# STARZHD: "Dead Mans Chest" Aspect Change?



## Waimea (Mar 9, 2007)

Hi,

I'm new to STARZ and Dish. I have a 622 and, last night, I watched "Pirates of the Caribbean: Dead Man's Chest" and recorded it at the same time. It was presented in Widescreen, 2.35:1 or thereabouts, and looked fantastic on my 50" plasma. Despite the action and the beauty, I fell asleep towards the end. 

This afternoon I noticed that it was on again, so I jumped in at about the time I fell asleep, and began watching it. Oddly, today's aspect ratio was 16x9. I double-checked both the TV and the 622 aspect setting, as well as the recorded version from the night before: everything was set right, and the recorded movie was 2.35:1.

What gives? Does STARZ randomly modify it's aspect ratio?

Man I wish that all HD was transmitted in it's native ratio: we'd still have the option of zooming if we chose too, but we'd also be able to choose to watch it as it was intended to be seen.


----------



## whatchel1 (Jan 11, 2006)

Waimea said:


> Hi,
> 
> I'm new to STARZ and Dish. I have a 622 and, last night, I watched "Pirates of the Caribbean: Dead Man's Chest" and recorded it at the same time. It was presented in Widescreen, 2.35:1 or thereabouts, and looked fantastic on my 50" plasma. Despite the action and the beauty, I fell asleep towards the end.
> 
> ...


Don't know why they would run it in one aspect ratio one night and a different one the next day. Maybe someone had accidently set it to wrong ratio when they were running it last night. I watched it last night and notice the fact that it was in 2.35 : 1 as well. Just figured that that was the ratio that the studio had sent them. Wonder if by chance studio sent them 2 different copies of film one is the OAR and another in an HD DVD or Blue Ray version that was resized to 16 X 9.


----------



## Wu-Infinite (Mar 24, 2007)

I missed the first hour or so of the premiere saturday night, I already had it recorded from dish ppv before but I erased that copy and decided to record the second showing witch was at 8 AM sunday morning, when I got home from work I did realize the recording was 16x9 but I remember the premiere being in it's original version. I wonder if by some chance we watched the premiere on the regular starz channel instead of the hd one??? could that be the case? I know the copy I got in my dvr is in hd because of the logo, but I can't remember if I watch the premiere on the hd channel or not, I used to go to it all the time when there was no map down, but now sometimes I be watching a movie and realize i'm not on the hd channel.


----------



## joebird (Sep 15, 2003)

This morning it was on, and it definitely had the black bars (so it was greater than 1.78:1 aspect ratio). I'd not seen any other version of it on before that.


----------



## Jerry G (Jul 12, 2003)

It's been shown both ways, 2.35 and 1.85 in the past week.

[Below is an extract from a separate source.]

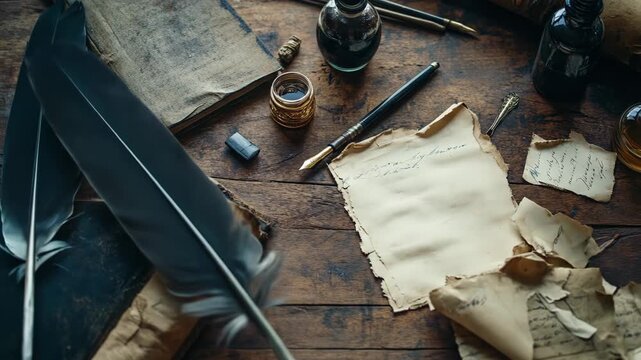 Vintage desk with papers and writing tools overhead view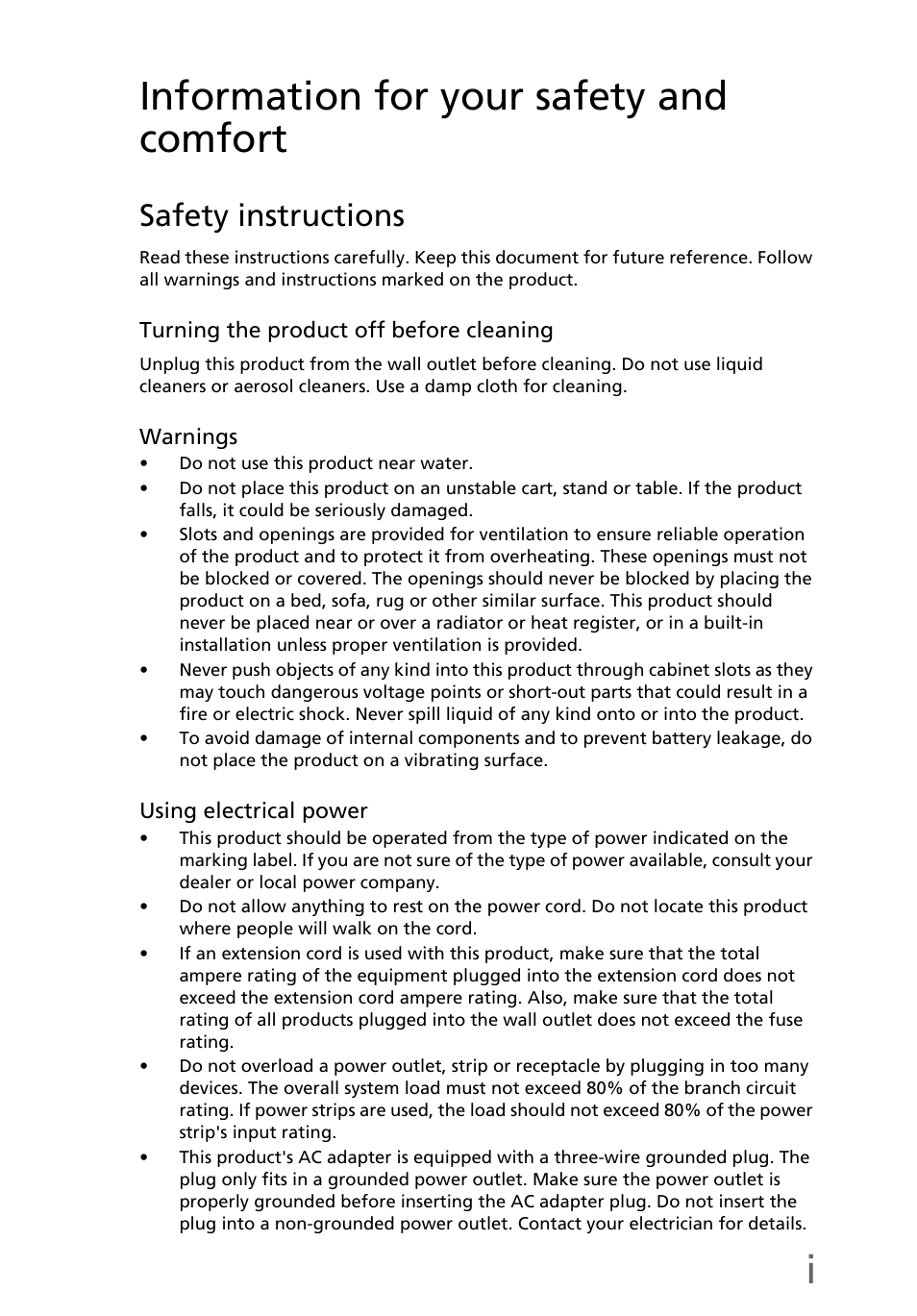Iinformation for your safety and comfort, Safety instructions | eMachines EL1200 Series User Manual | Page 3 / 82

Everytime I've tried to record it, I ended up picking the butchered 1.85 version. I can't begin to understand why StarzHD is demonstrating such bizarre behavior, but they indeed are.


----------



## HDTVFanAtic (Jul 23, 2005)

Probably has to do with the fact that most Joe 6 Packs don't want lines on their screens - thus they are showing both ways to try and please everyone at some point in time.


----------



## Wu-Infinite (Mar 24, 2007)

i noticed if you want to record the 2:35 aspect ratio record the showing that's is on during prime time at night that's the only time I seen it shown in it's original version the other showings are different.


----------